De naam Delperée kreeg hij in 1857 van zijn adoptievader, François Delperée. Voor het overlijden van zijn natuurlijke ouders was zijn naam Emile Daxhelet.
Zijn vorming kreeg hij in de académie des beaux-arts de Liège waar hij leerling was van Charles Soubre en Auguste Chauvin.
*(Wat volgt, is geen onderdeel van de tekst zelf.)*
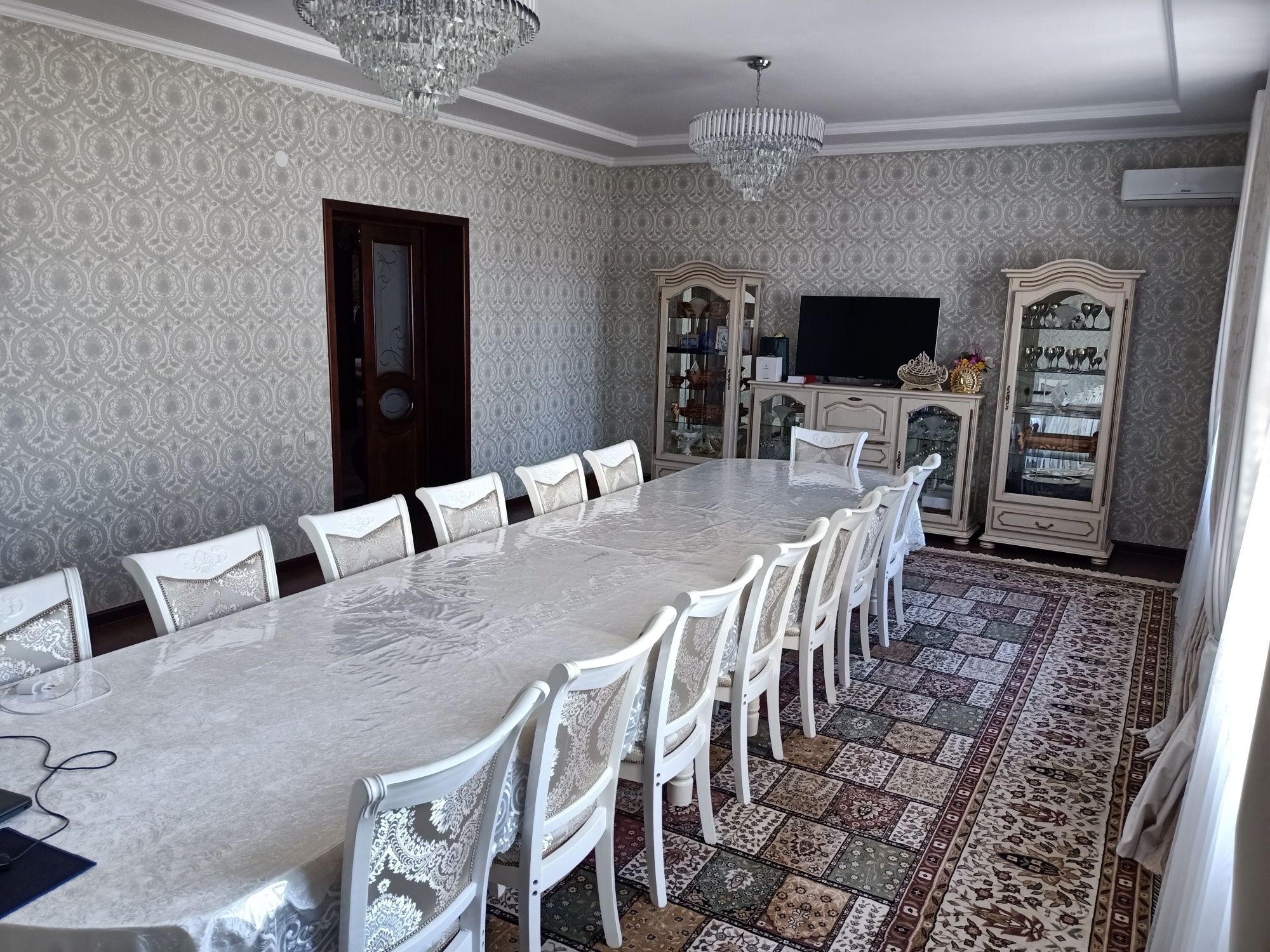 Стол сол стульями 5 метровый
In 1885 werd hij in diezelfde academie zelf tot leraar aangesteld.
Hij was de echtgenoot van de dochter van zijn leermeester, Eugénie Soubre, waarmee hij één zoon kreeg.
1886: Portret du professeur Adolphe Wasseige, recteur de l'Université, in de kunstcollectie van de Universiteit van Luik.
1890-1896: Charlemagne dictant les Capitulaires, in het provinciaal paleis te Luik.
1894: Portret van de Markies van Peralta, in het Museum voor Schone Kunsten (Luik)
1894: Portret van de Markiezin van Peralta, in het Museum voor Schone Kunsten (Luik).
1896: Portret van de Gravin van Clereinbault in het Museum voor Schone Kunsten (Luik).
Attendant l'audience, privécollectie.
La leçon de musique, privécollectie.
L'homme au fusil, privécollectie.
Hallebardiers jouant aux dés, Museum van Hoei.
Bibliografie
Jean-Paul Depaire, Académie Royale des Beaux-Arts de Liège. 1775-1995. 220 ans d'histoire, Editions Yellow Now, Luik, 1995.
Paul Piron, De Belgische beeldende kunstenaars uit de 19e en 20e eeuw, vol. 1. A-K, Art in Belgium, Brussel.
Liliane Sabatini, Le Musée de l'Art wallon, collection Musea Nostra, Ministère de la Communauté française de Belgique / Crédit Communal de Belgique, Brussel, 1988.
Trivia
De straat Rue Emile Delperée te Hoei is naar hem genoemd.